[Exercise details]: When you reach the line containing "A bag Lady Dior", begin reproducing the material exactly, stop after the line containing "Oil painting Yellow", and leave out any pictures along the way.

[Given records]:
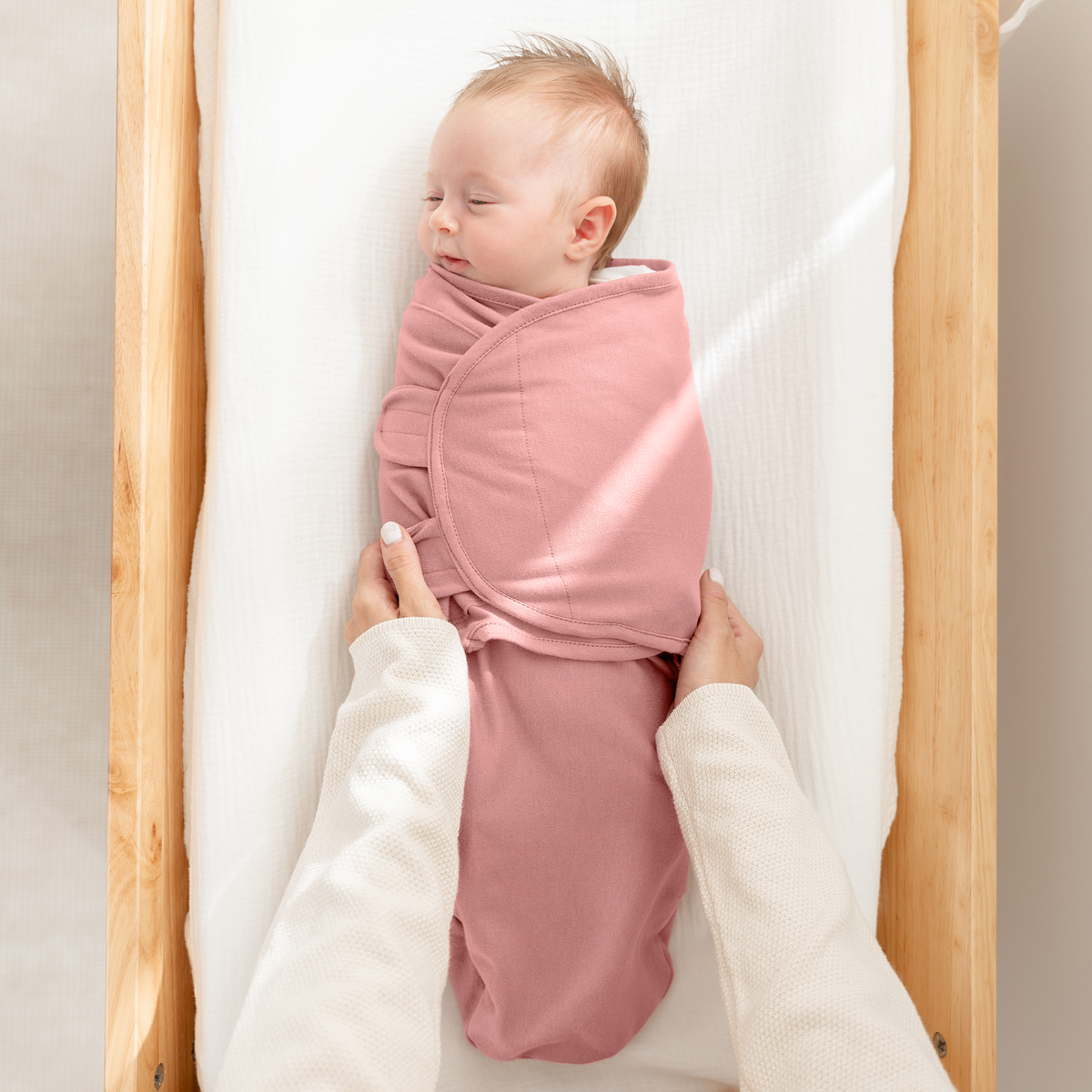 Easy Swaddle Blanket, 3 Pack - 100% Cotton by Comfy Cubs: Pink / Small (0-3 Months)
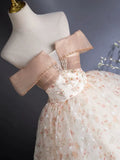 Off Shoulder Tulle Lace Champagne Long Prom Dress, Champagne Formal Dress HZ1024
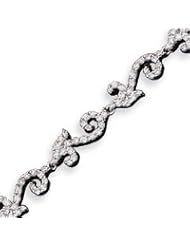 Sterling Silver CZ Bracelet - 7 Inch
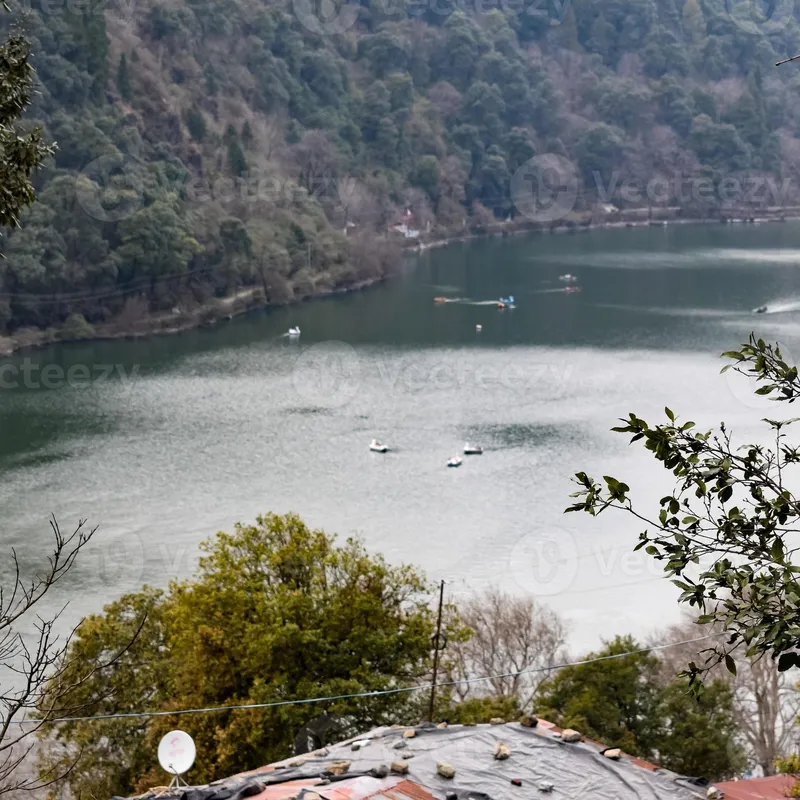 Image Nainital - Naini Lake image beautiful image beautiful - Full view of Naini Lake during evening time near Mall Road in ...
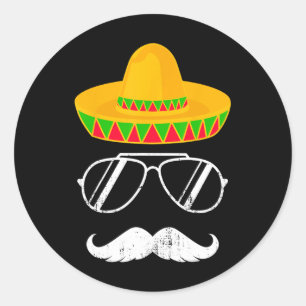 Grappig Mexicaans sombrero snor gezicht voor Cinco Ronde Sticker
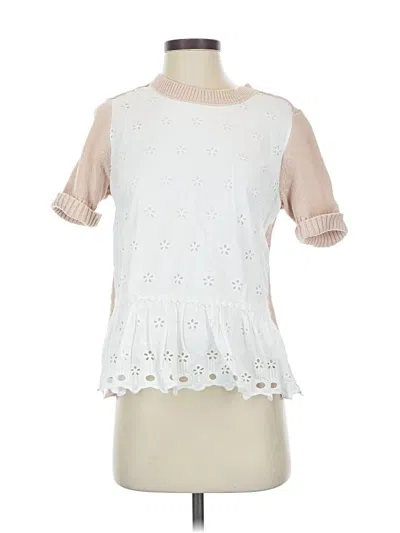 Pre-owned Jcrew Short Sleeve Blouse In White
==
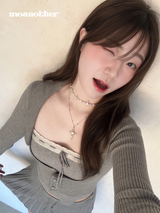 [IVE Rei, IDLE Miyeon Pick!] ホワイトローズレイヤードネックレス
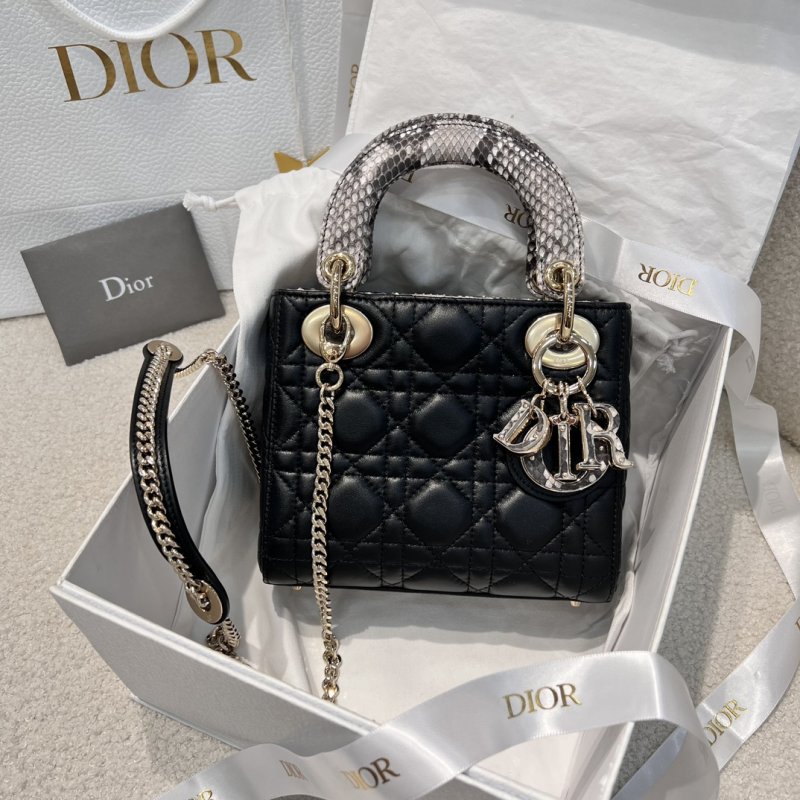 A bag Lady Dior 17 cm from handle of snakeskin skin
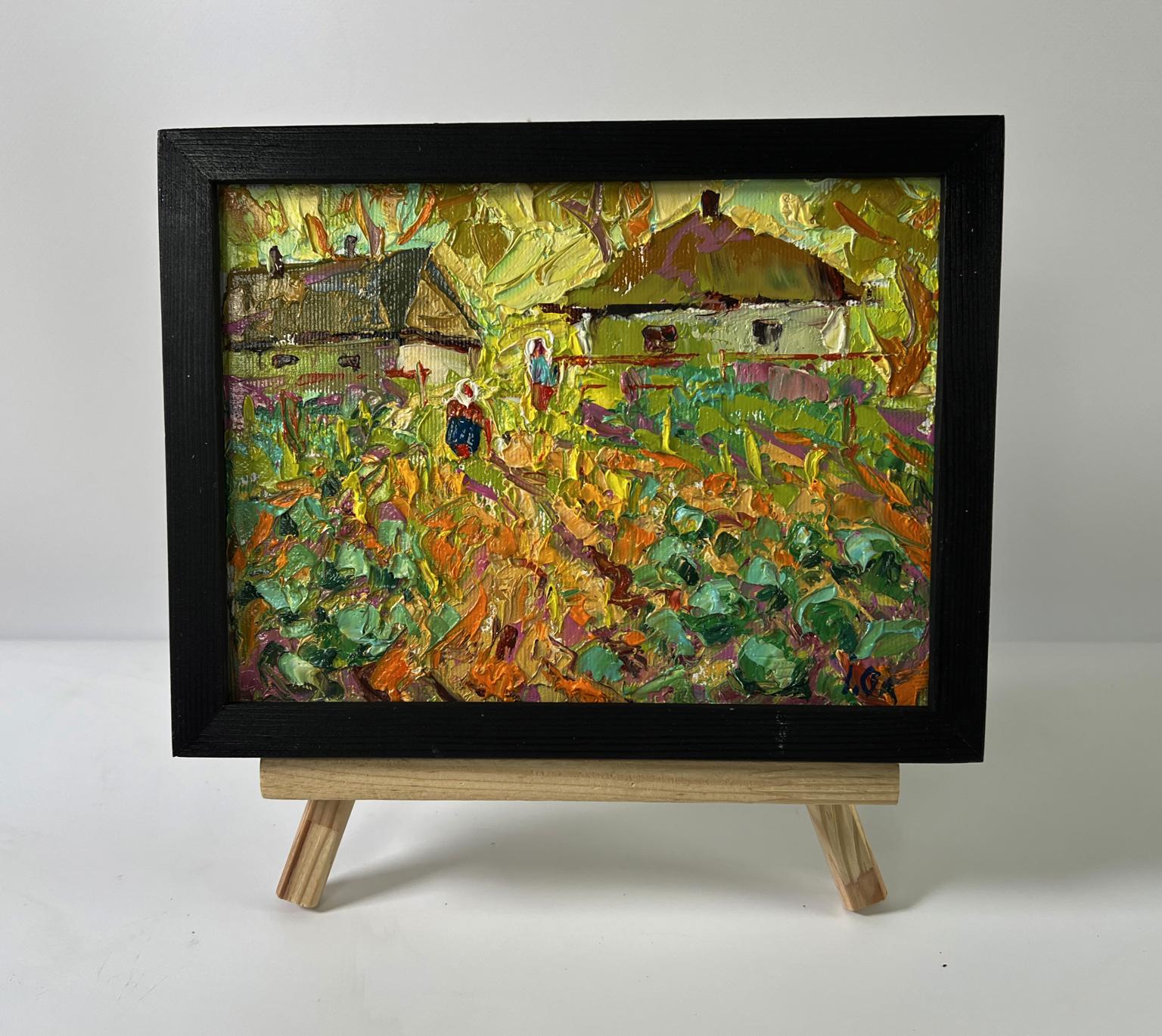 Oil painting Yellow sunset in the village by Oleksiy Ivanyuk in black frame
---
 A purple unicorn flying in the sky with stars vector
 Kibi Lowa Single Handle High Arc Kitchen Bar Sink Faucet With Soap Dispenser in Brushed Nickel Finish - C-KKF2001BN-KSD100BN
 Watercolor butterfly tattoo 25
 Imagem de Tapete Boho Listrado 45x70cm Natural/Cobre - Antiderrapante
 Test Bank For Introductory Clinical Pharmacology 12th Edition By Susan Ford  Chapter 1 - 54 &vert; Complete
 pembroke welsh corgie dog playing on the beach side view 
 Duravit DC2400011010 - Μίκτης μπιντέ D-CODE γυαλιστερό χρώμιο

[Solution to this problem]:
 A bag Lady Dior 17 cm from handle of snakeskin skin
 Oil painting Yellow sunset in the village by Oleksiy Ivanyuk in black frame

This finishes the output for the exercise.